Le fait que les Frères musulmans s'en sortent plutôt bien est un revers pour Al-Qaida, qui les accusait de trahison. C'est toute la vision du monde des djihadistes qui s'effondre : depuis plus de vingt ans, ils répétaient que ces régimes ne pouvaient être renversés que par la force, qu'ils ne tenaient que grâce à l'aide des Etats-Unis et de leurs alliés. Or ces changements sont aussi le résultat des pressions américaines!

Pis : tous ces jeunes qui descendent dans les rues le font au nom de la démocratie, de Parlements représentatifs et d'élections libres. Toutes choses qui, pour Al-Qaida, sont hérétiques. C'est pour cela que les djihadistes sont du côté de tous les pouvoirs en place. Ils misent évidemment sur un retournement de situation, sur un bain de sang.

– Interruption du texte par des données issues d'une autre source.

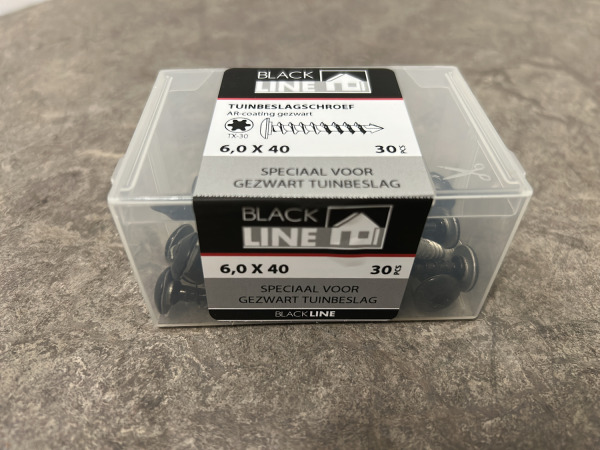 Blackline schroeven zwart voor tuinbeslag set 22-delig – foto 3 – kavel bij XL Auctions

La branche irakienne d'Al-Qaida s'est "lâchée" le 8 février avec un communiqué dans lequel elle vomit tout ce pour quoi les gens se battent en ce moment, appelant les Egyptiens à ne "pas remplacer ce qui n'est pas si mal par quelque chose de pire. Attention aux ruses des idéologies non islamiques, ajoutent-ils, telles la laïcité malsaine, la démocratie infidèle et les idoles putrides du patriotisme et du nationalisme." Ils vont payer longtemps de tels propos. Enfin, il faut constater que, malgré des semaines de troubles, ils n'ont pas été capables, jusqu'au jour où nous parlons, de monter une seule provocation. C'est comme s'ils étaient tétanisés.

Vous êtes actuellement aux Etats-Unis. Comment analysez-vous l'attitude américaine?

L'équipe Obama paraît avoir compris que c'est l'occasion d'assécher réellement le terreau du terrorisme. Pour la Tunisie, la ligne de soutien au mouvement démocratique a été très claire. Pour l'Egypte, le gouvernement américain a d'abord été aussi du côté du changement. Mais l'affaire est vite devenue un sujet de débats intérieurs, la droite républicaine et certains amis d'Israël commençant à accuser Barack Obama de "perdre l'Egypte" comme Jimmy Carter avait perdu l'Iran, en 1979. Ces tirs de barrage ont provoqué une cascade de déclarations officielles qui ont donné l'impression d'un flottement. Mais, finalement, l'attitude américaine a facilité le départ de Moubarak. Surtout, l'opinion publique s'est largement identifiée aux jeunes animateurs du mouvement démocratique, ce qui pourrait modifier durablement l'image encore très négative des Arabes aux Etats-Unis.